Open mydogisbox opened 4 years ago
We cannot change the existing definition of scan
, but maybe adding another method makes sense, provided that this is useful enough.
Isn't map_with_state
just map
? I don't see what the difference is given that Rust has stateful closures. scan
takes an iterator and can arbitrarily change how many elements are yielded (which no other adapter does, and may be too powerful and unweildy). This makes it useful in some niche cases.
@KrishnaSannasi
can arbitrarily change how many elements are yielded
This is exactly the part of the existing scan
implementation which I think is problematic. Its non-standard to not yield an output element for each input element (see https://en.wikipedia.org/wiki/Prefix_sum for the generally accepted definition). This makes it less generally applicable than otherwise.

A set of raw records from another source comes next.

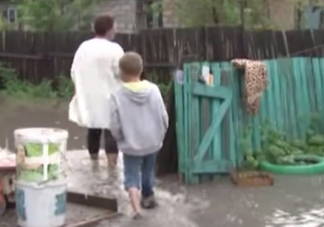 В Павлодаре после проливных дождей в воде оказались почти две сотни домов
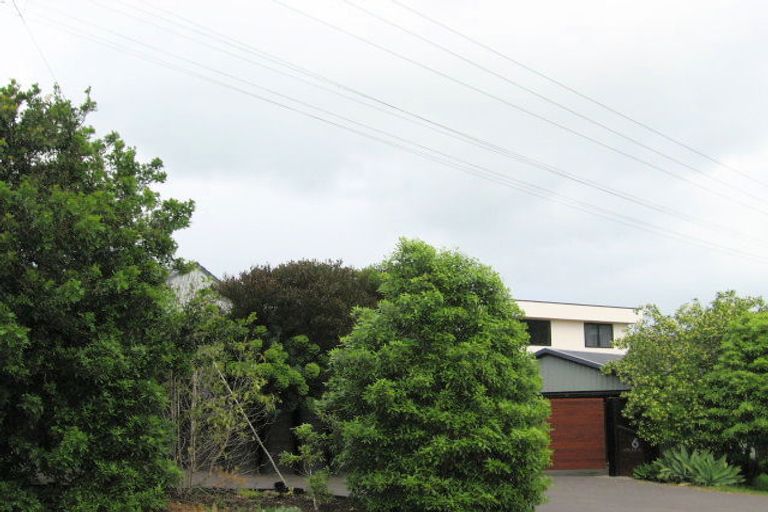 Photo of property in 6 Lysnar Street, Okitu, Gisborne, 4010
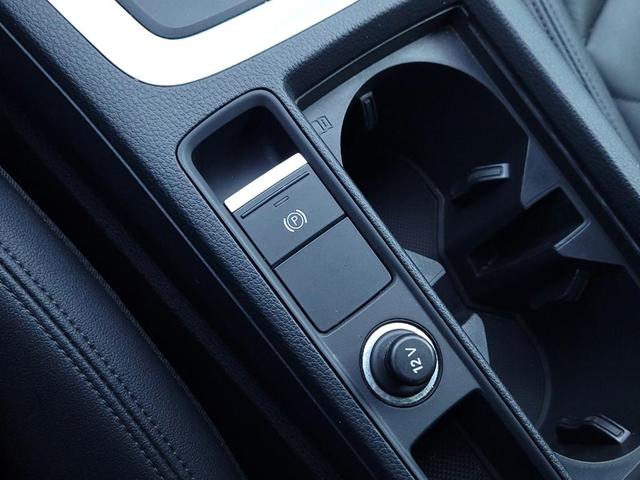 Photo of 2023 Ibis White Audi Q3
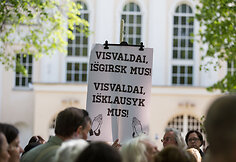 Prie&scaron; naują kelią sukilusi &Scaron;ančių benruomenė atvyko į projekto pristatymą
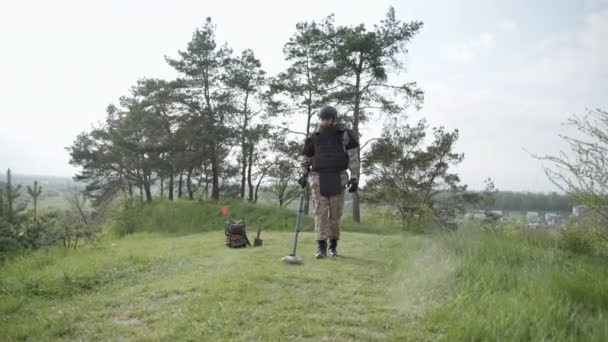 Soldato Dell Esercito Rimuove Mine Sapper Con Esamina Territorio Dragamine — Video Stock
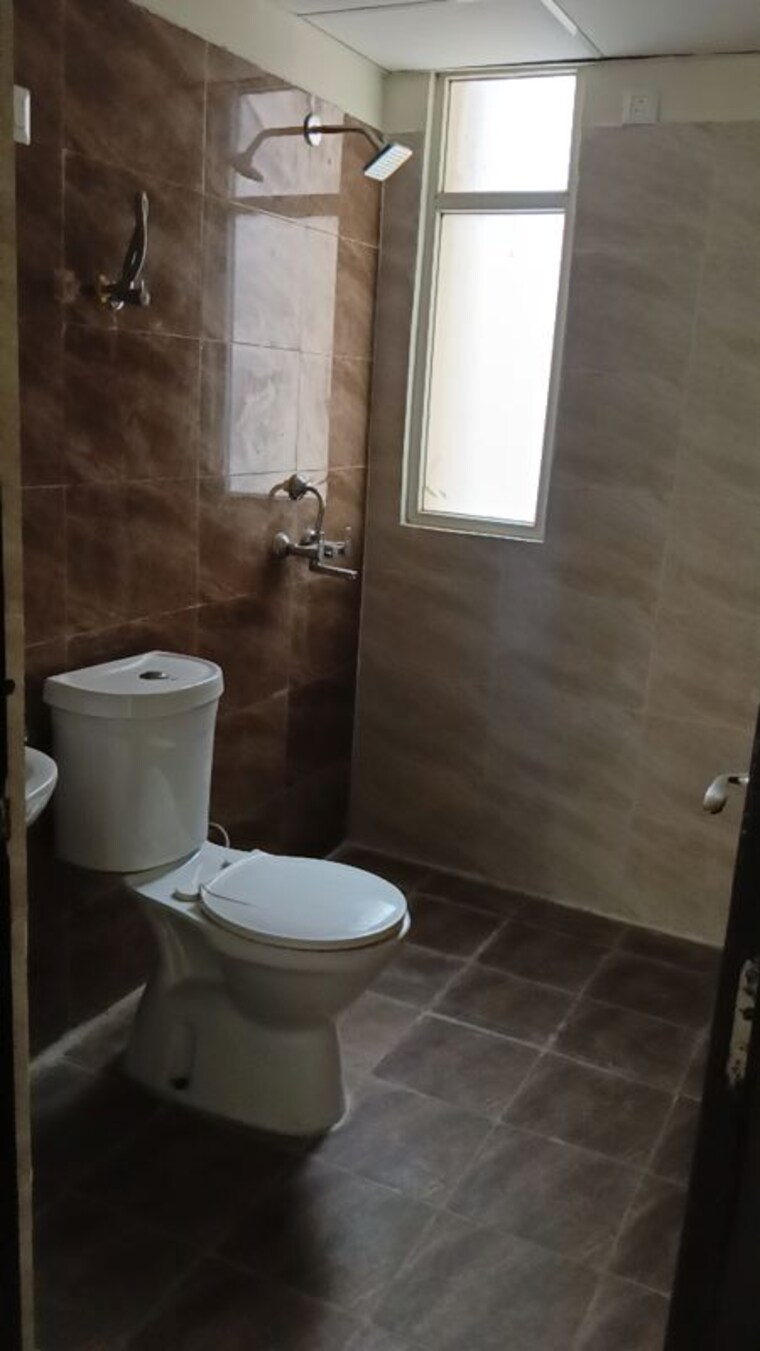 Bathroom, sector 75 3 Bedroom 1700 Sq.Ft. Apartment In Sector 75 Noida 10501348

You can certainly implement the standard scan
definition using map
and a stateful closure, but its much less obvious what is happening and requires application developers to implement more logic. scan
is a standard function in most modern languages.
In my case I'm laying out lines of text with word wrapping so I need to keep track of the y-offset of the end of the previous line and yield the character offset of where to split each line. The wikipedia article I linked lists other applications.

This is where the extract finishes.